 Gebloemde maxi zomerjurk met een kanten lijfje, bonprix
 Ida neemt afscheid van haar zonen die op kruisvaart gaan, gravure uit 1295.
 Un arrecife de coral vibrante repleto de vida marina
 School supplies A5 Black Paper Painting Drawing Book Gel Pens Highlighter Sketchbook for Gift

* * *

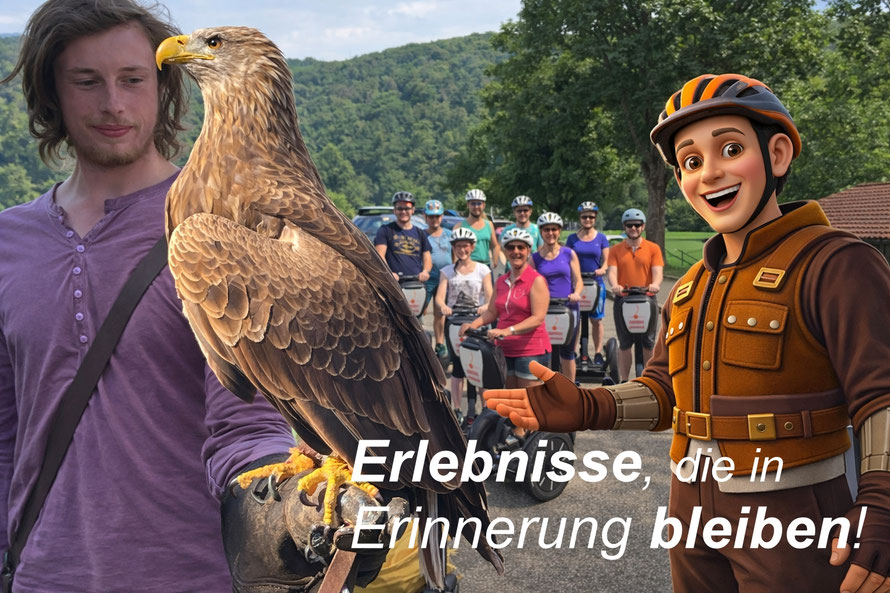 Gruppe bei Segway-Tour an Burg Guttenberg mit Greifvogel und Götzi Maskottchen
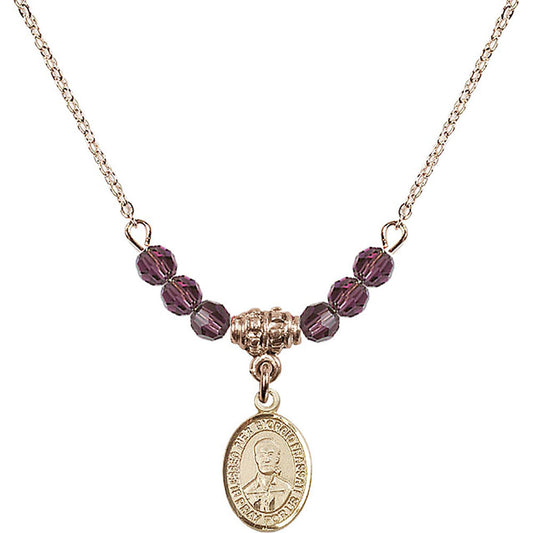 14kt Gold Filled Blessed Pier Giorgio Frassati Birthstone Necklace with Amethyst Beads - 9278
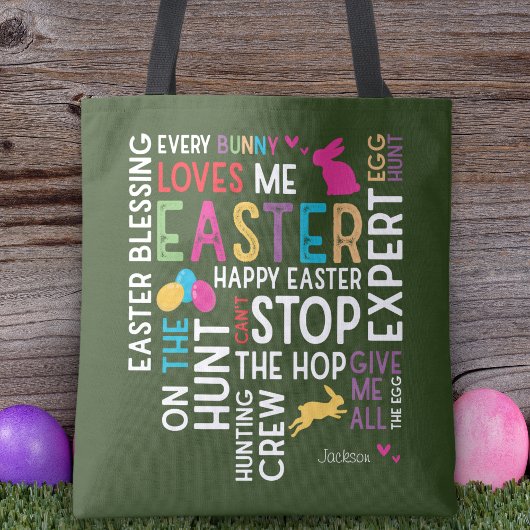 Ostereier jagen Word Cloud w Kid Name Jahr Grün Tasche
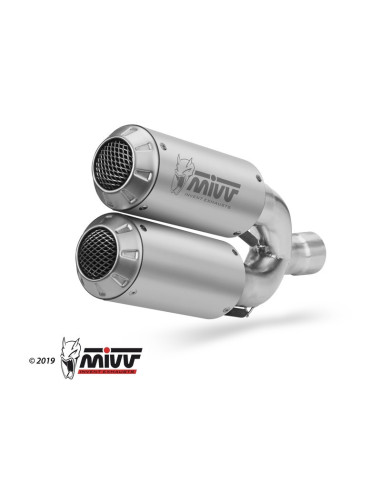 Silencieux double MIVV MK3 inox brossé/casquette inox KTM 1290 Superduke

WORK ORDER: Transcribe the lines above between the line holding "Un arrecife de" and the line holding "School supplies A5", inclusive, exactly as they stand and with nothing added.

ANSWER TO THE EXERCISE:
 Un arrecife de coral vibrante repleto de vida marina
 School supplies A5 Black Paper Painting Drawing Book Gel Pens Highlighter Sketchbook for Gift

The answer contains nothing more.